Recommendation: The Library must recognize that different segments of users have different needs (as identified in the first recommendation under Principle #4) and make every effort to assure that no part of its constituency is unfairly disadvantaged.
Principle #6: The library will work cooperatively with units of the University to identify realistic costs and advise on funding options for new programs.
There is a formal mechanism for requesting continuing state funds to support library needs for new Ph.D. programs. The Library subject liaisons assist with preparation of documentation for these requests by assessing existing resources in the area and suggesting additional ones.
There is no mechanism for requesting continuing or one time state funds for new Masters, interdisciplinary, or undergraduate degree programs. Academic areas may opt to provide funding for new programs and courses by re-allocating funds from de-emphasized courses and programs and simply spreading the college/department allocation over more ground. Occasionally, some support has been provided by the Library General Fund. There is also no provision made for obtaining library resources for such entities as the academies or the Applied Research Center.
This principle encourages continued cooperation between the departments and the Library in the process of initiating new programs at all levels.
Recommendations: State-required documentation for new Ph.D. programs must include formal requests for continuing funding for library resources to support these programs (now optional)
The Library will review and strengthen internal processes for assessing the adequacy of library resources in conjunction with new program and course proposals.
With increased research at the University, efforts should again be made to obtain some of indirect (overhead) costs available from research grants on an annual basis to support new program library needs, including those requiring an ongoing commitment of funds.
The Library should take an active role in pursuing grants and private donations for the acquisition of traditional and electronic resources. The colleges/departments, working in conjunction with the Library and Development Office should also take initiatives to seek private donations, establish endowments, and seek funding through grant proposals.
When the University’s distance learning initiative is implemented, the Library’s responsibilities for providing resources and access to information must be defined.

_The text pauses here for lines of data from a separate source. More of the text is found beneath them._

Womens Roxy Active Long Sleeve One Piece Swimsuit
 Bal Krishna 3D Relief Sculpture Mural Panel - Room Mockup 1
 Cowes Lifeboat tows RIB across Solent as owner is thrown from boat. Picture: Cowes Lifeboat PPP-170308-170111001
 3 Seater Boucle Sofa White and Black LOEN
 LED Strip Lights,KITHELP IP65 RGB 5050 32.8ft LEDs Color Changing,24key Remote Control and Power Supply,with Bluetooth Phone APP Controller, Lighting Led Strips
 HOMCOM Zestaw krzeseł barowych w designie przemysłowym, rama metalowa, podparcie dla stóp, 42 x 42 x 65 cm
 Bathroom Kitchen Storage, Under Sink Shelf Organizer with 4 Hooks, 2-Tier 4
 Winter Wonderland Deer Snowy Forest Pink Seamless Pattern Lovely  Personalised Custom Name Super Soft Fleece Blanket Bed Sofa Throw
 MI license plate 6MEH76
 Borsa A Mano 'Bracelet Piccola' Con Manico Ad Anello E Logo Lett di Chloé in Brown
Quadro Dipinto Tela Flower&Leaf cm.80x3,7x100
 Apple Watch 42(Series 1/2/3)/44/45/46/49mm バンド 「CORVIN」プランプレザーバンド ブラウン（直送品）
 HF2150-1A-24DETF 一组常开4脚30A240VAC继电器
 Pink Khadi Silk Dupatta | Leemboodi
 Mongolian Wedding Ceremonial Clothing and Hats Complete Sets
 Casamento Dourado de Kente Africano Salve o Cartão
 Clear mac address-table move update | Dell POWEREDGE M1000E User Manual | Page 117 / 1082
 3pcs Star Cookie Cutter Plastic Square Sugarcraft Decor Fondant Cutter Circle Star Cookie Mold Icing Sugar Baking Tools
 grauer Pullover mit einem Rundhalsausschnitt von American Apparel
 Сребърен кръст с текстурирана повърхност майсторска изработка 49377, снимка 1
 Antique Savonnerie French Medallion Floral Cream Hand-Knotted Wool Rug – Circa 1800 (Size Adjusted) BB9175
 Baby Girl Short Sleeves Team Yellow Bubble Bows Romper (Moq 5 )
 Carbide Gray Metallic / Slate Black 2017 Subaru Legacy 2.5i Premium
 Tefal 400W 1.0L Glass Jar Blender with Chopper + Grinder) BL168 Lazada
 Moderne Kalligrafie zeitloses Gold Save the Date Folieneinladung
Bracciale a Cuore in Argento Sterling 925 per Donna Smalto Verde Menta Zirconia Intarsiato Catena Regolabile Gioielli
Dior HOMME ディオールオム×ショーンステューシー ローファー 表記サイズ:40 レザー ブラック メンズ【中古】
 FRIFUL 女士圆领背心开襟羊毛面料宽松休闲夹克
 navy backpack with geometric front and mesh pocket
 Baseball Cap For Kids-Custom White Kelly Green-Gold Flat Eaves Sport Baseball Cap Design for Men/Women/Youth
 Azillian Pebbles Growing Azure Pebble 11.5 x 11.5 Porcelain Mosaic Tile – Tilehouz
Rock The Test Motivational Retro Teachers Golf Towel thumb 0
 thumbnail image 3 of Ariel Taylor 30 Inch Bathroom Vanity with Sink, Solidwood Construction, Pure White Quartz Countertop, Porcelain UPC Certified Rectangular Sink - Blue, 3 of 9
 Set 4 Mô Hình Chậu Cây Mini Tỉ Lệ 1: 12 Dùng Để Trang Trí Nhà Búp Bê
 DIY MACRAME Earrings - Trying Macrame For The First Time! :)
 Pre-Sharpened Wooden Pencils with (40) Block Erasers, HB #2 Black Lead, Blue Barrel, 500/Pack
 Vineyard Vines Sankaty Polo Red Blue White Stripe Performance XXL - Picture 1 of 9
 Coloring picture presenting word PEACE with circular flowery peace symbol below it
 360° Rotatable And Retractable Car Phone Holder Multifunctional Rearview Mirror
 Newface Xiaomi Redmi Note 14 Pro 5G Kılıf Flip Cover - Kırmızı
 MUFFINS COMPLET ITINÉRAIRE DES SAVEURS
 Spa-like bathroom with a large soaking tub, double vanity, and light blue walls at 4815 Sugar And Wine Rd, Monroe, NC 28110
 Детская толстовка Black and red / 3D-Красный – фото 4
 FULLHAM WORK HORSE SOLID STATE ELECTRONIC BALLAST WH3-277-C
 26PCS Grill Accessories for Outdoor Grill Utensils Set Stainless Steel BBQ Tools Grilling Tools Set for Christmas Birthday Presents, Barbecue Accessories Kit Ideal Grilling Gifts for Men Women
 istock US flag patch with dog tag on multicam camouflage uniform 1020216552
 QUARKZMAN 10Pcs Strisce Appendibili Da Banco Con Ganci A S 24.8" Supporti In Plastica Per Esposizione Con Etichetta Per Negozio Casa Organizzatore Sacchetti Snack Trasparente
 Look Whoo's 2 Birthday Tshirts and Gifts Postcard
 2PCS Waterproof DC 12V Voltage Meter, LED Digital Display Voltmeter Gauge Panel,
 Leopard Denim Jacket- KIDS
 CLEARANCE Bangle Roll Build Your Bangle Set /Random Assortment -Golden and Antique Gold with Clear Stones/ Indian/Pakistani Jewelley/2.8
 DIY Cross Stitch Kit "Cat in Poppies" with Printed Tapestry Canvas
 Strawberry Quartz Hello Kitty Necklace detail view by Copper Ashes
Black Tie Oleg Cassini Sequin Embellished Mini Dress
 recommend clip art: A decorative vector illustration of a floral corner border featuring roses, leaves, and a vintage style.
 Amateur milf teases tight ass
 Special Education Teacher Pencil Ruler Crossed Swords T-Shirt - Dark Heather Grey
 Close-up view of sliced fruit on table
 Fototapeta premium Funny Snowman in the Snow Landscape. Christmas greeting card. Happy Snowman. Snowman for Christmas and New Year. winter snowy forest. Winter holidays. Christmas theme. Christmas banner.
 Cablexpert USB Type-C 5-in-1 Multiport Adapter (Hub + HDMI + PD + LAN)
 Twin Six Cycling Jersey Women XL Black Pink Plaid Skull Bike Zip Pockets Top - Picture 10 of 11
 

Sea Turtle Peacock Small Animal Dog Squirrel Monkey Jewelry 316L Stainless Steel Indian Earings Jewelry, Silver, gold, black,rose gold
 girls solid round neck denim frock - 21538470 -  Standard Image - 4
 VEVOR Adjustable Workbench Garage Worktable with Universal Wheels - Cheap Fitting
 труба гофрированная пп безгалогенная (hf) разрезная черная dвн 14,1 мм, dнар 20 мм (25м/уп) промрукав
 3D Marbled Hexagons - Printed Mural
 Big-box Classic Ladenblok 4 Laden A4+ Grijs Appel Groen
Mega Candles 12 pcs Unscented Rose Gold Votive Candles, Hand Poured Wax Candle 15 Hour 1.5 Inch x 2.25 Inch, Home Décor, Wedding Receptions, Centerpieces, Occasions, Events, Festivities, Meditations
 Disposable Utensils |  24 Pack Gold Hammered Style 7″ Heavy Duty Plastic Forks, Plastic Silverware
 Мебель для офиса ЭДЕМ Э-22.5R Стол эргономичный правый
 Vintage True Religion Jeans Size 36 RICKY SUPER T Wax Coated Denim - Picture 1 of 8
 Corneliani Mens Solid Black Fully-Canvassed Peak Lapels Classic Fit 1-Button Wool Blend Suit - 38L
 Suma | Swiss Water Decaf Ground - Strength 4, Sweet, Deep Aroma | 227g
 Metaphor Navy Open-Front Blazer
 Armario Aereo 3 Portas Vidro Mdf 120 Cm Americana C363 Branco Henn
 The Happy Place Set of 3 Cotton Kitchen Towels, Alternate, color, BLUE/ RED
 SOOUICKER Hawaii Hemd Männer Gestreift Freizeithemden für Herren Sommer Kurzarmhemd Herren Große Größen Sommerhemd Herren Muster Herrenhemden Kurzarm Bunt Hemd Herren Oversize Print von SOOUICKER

Principle #7: Continuing funding is required to support continuing obligations. Currently this includes continuing state allocations and income generated from significantly large endowments.
Because of the high inflation rate (12% annually) of periodical, serial, looseleaf, and electronic search services, purchase of these continuing obligation items and products must be made from continuing funds which have a reasonable expectation of regular inflationary increases and where costs of such items can be monitored and predicted as a whole. Under special circumstances, endowment funds which generate a significant source of income annually may be used to pay for continuing obligations within limitations specified by the Library. Prior to the institution of some large endowment funds, the Library permitted the purchase of continuing obligations from the state allocated materials budget only. This has been relaxed for a few large endowments.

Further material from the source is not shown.